The guidelines suggest reserving procedures like G-POEM and gastric electrical stimulation for refractory cases. In your practice, how do you decide when a patient is “refractory” to medical therapy?
Dr. Staller: I define “refractory” with three anchors.
1. Adequate trials of foundational care: dietary optimization and glycemic control; an antiemetic; and at least one prokinetic at appropriate dose/duration (with intolerance documented if stopped early).
2. Persistent, function-limiting symptoms: ongoing nausea/vomiting, weight loss, dehydration, ER visits/hospitalizations, or malnutrition despite the above—ideally tracked with a validated instrument (e.g., GCSI) plus nutritional metrics.
3. Objective correlation: delayed emptying on a standardized 4-hour solid-meal study that aligns with the clinical picture (and medications that slow emptying addressed).
At that point, referral to a center with procedural expertise for G-POEM or consideration of gastric electrical stimulation becomes appropriate, with multidisciplinary evaluation (GI, nutrition, psychology, and, when needed, surgery).
What role do you see dietary modification and glycemic control playing alongside pharmacologic therapy in light of these recommendations?
Dr. Staller: They’re the bedrock. A small-particle, lower-fat, calorie-dense diet—often leaning on nutrient-rich liquids—can meaningfully reduce symptom burden. Partnering with dietitians early pays dividends. For diabetes, tighter glycemic control can improve gastric emptying and symptoms; I explicitly review medications that can slow emptying (e.g., opioids; consider timing/necessity of GLP-1 receptor agonists) and encourage continuous glucose monitor-informed adjustments. Pharmacotherapy sits on top of those pillars; without them, medications will likely underperform.
The guideline notes “considerable unmet need” in gastroparesis treatment. Where do you think future therapies or research are most urgently needed?
Dr. Staller: I see three major areas.
1. Truly durable prokinetics: agents that improve emptying and symptoms over months, with better safety than legacy options (e.g., next-gen motilin/ghrelin agonists, better-studied 5-HT4 strategies).

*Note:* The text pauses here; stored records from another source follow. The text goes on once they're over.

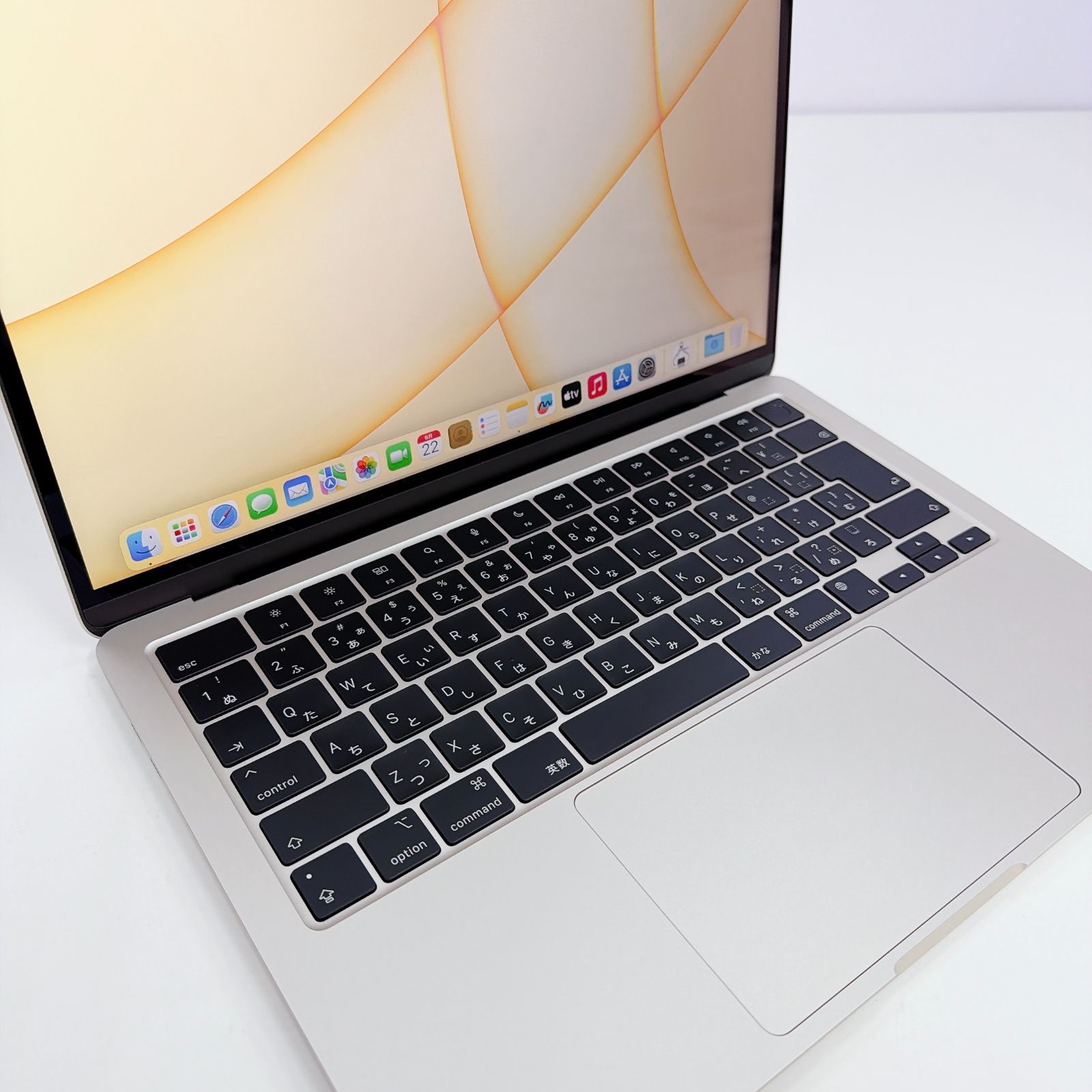 美品】MacBook Air M2 16GB 512GB スターライト - メルカリ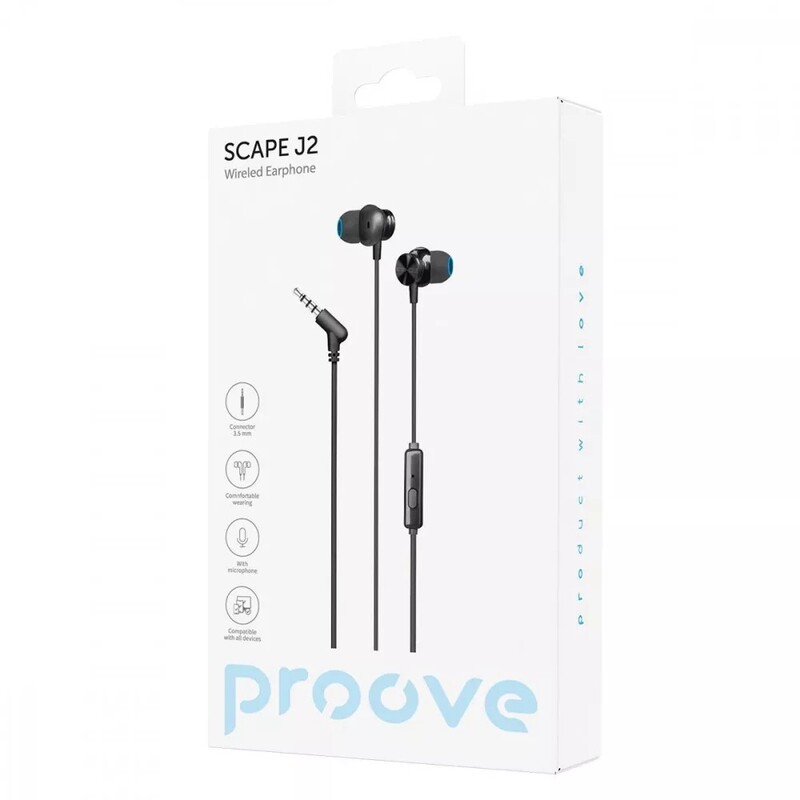 Гарнітура Proove Scape J2 Black (WESJ20000801)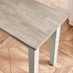 Tenby Whitewashed &Grey Solid Wood Small Dining Bench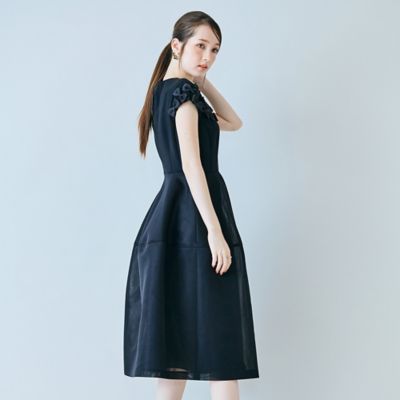 リボン付き異素材ワンピース（83012607） | Rose Tiara (Women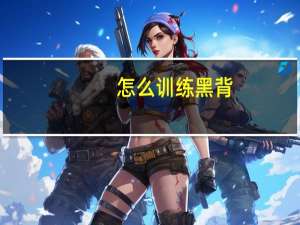 怎么训练黑背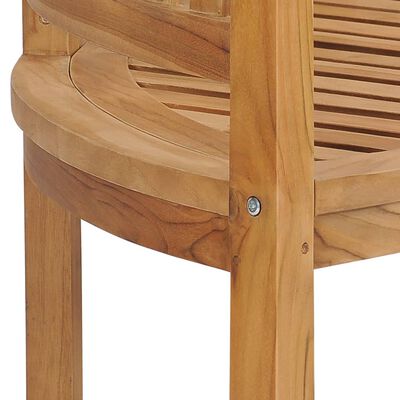 vidaXL Banana Bench 70.9" Solid Teak Wood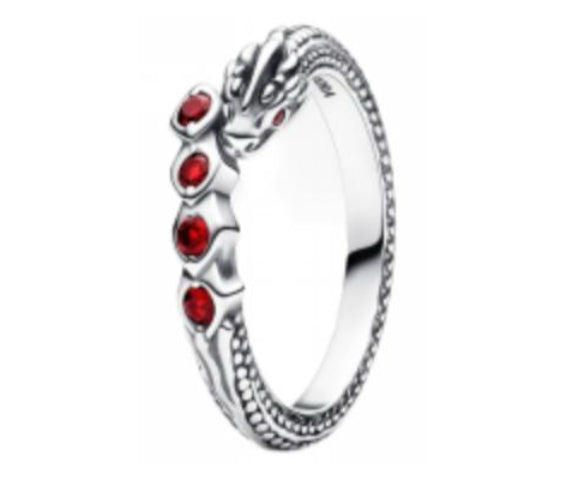 ANILLO DRAGÓN BRILLANTE JUEGO DE TRONOS Plata s925 ALE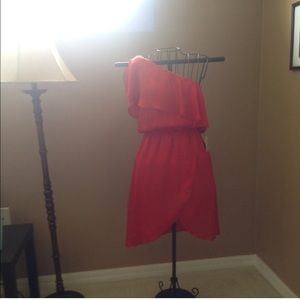 Off the shoulder red dress. NWT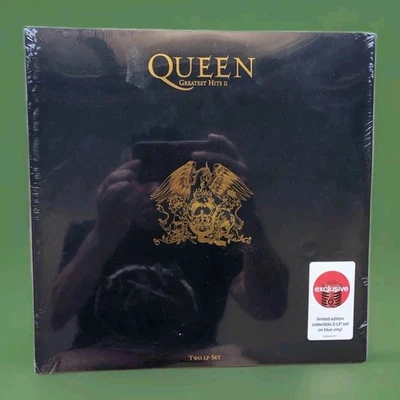 QUEEN GREATEST HITS II BLUE VINYL EXCLUSIVE LIMITED Ed USA 2 LP Sealed Album  - Imagem 1 de 4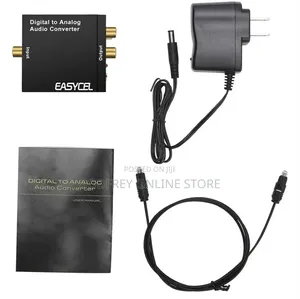 Analog to Digital Optical Toslink Coaxial Audio Converter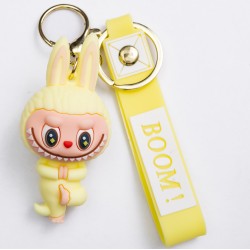 Брелок для ключів Лабубу Yellow Yoga 4*8 см Брелок для ключів Лабубу Yellow Yoga 4*8 см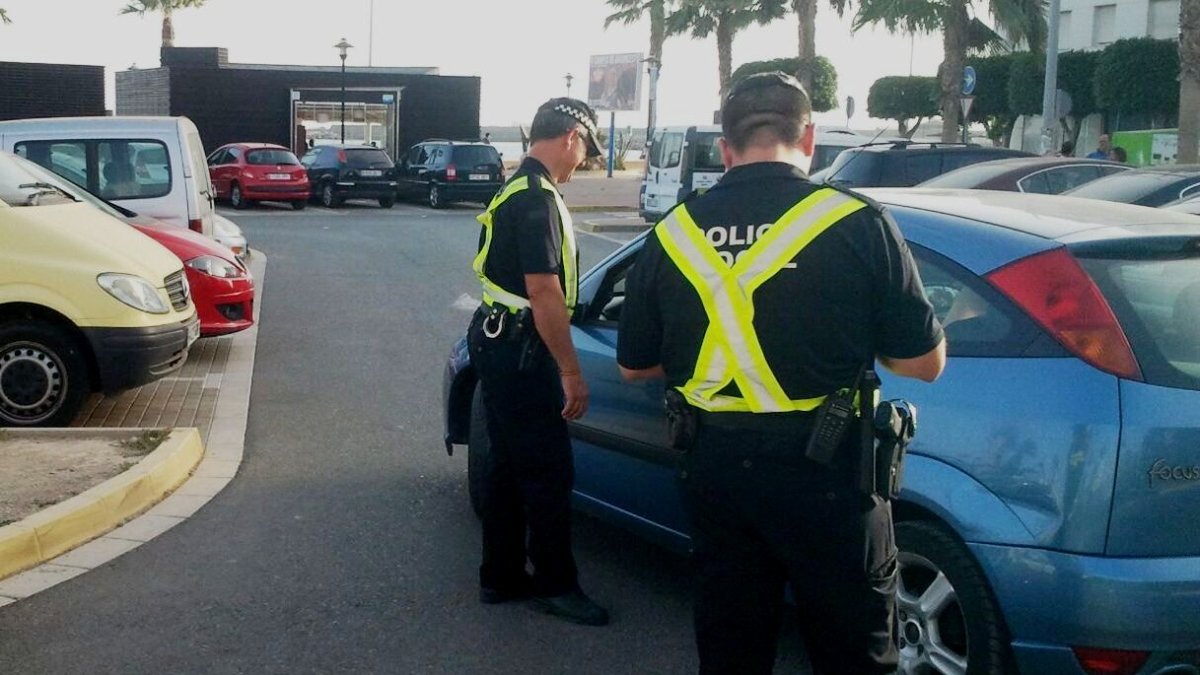 Control de la Policía Local abderitana.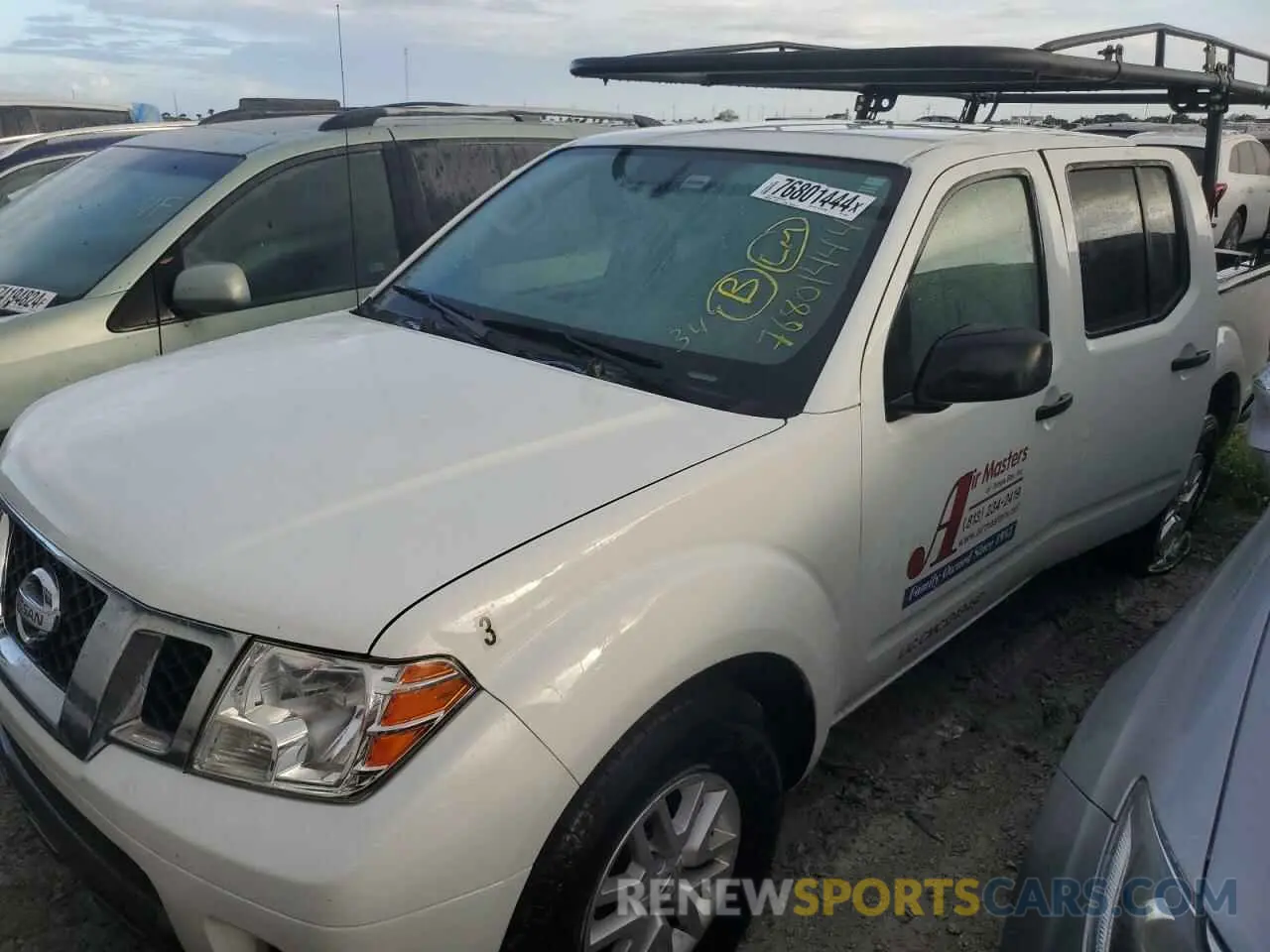 1 Photograph of a damaged car 1N6AD0ER1KN799029 NISSAN FRONTIER 2019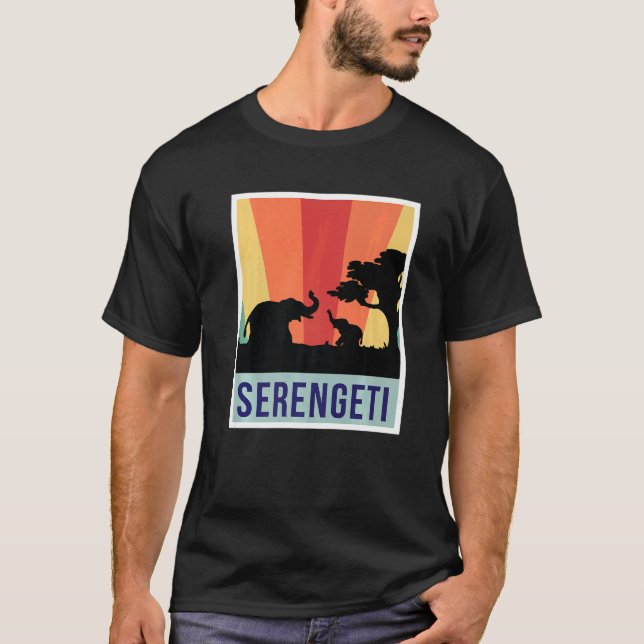 Camiseta Elephants Safari National Park Serengeti Souvenir  (Frente)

2. Endotyping and biomarkers: we need to stop treating all gastroparesis as one disease. Clinical, physiologic, and microbiome/omic signatures that predict who benefits from which therapy (drug vs G-POEM vs GES) would transform care.
3. Patient-centered trials: larger, longer RCTs that prioritize validated symptom and quality-of-life outcomes, include nutritional endpoints, and reflect real-world medication confounders.
Our guideline intentionally highlights these gaps to hopefully catalyze better trials and smarter referral pathways.
Dr. Staller is with the Division of Gastroenterology, Massachusetts General Hospital and Harvard Medical School, Boston.